California Preforeclosure Laws: What you need to know

It's unfortunate, but many Americans lose their homes to foreclosure every day. Some lenders aren't consistently diligent enough in checking a person's ability to make repayments, and others simply don't care. Of course there are situations where a change in circumstances occurs, leading to the homeowners being unable to meet their mortgage obligations causing preforeclosure, and ultimately a foreclosure of the property. Preforeclosure is not an actual legal term, it is made up jargon, but since it has gained such widespread use, we want to inform you as to how it might be used and the meaning it has taken.
Whatever the reason for a person getting behind on their mortgage payments, the process from preforeclosure to sale is fairly straightforward and set by law. At some point during the preforeclosure process, the lender will file a public Notice of Default. This notice of default initiates the foreclosure process, and at this point the property officially enters the preforeclosure period.
Generally, preforeclosure is a grace period. The homeowner is being warned that they're in default and need to somehow address the situation. At this point in the process, the lender still is unable to take back the property and sell it, due to statutory requirements including a waiting period. The length of the waiting period varies by state, but in California it is three months from the filing of a notice of default to a filing of a notice of sale. Some states allow the grace period from preforeclosure to last for as long as 6 months, but most states have shorter periods.

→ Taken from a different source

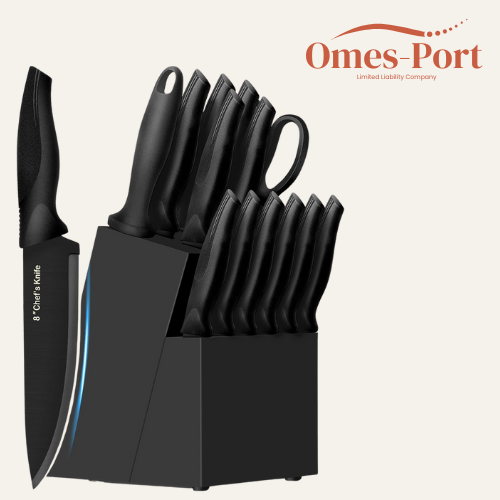 Kitchen Knife Block Set, 14 Pieces Knife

Once the property enters preforeclosure, there are a few options homeowners can use to help stop foreclosure or stop mortgage foreclosure and avoid having their property sold by the lender.
BRING THE LOAN CURRENT
If the homeowner can secure the money to pay off the default amount, then the property is removed from preforeclosure and the homeowner has stopped home foreclosure. If the amount required to stop home mortgage foreclosure is small, and the default was caused by a temporary change in circumstances, then it may be advantageous to take out a personal loan to repay the debt and stop mortgage foreclosure. If the problem is continuing, however, this may just cause more problems for the homeowner, and additional assistance to help stop foreclosure may be necessary.
SELL THE PROPERTY
Obviously selling the property to stop home foreclosure is more drastic, but may be the best solution if meeting the repayment demands of the lender is likely to be an ongoing problem. By selling the house during preforeclosure, the homeowner should still be able to get a reasonable sales price for it. If the homeowner waits and lets the lender sell it after preforeclosure, the sale price is likely going to be much lower, because the lender just wants to offload the property as fast as possible.
During preforeclosure is often a good time for an investor to make an offer to the homeowner with a fair offer to purchase the property so that the homeowner may stop home foreclosure. However, many people in preforeclosure go into denial and bury their head in the sand. Instead of trying to make the best of a bad preforeclosure situation, they avoid taking action until it's too late to help stop foreclosure. Many homeowners also don't understand the negative impact failing to get help to stop foreclosure may cause, they end up in preforeclosure, and then fail to stop mortgage foreclosure, and face a negative credit situation.
Nobody wants to face foreclosure on their home, but at least the preforeclosure period gives the homeowner the opportunity to find a solution to stop home foreclosure that is more favorable for them. Waiting for the property to pass into foreclosure and be sold by the lender (after making no attempt at mitigating damages) is almost never the best option.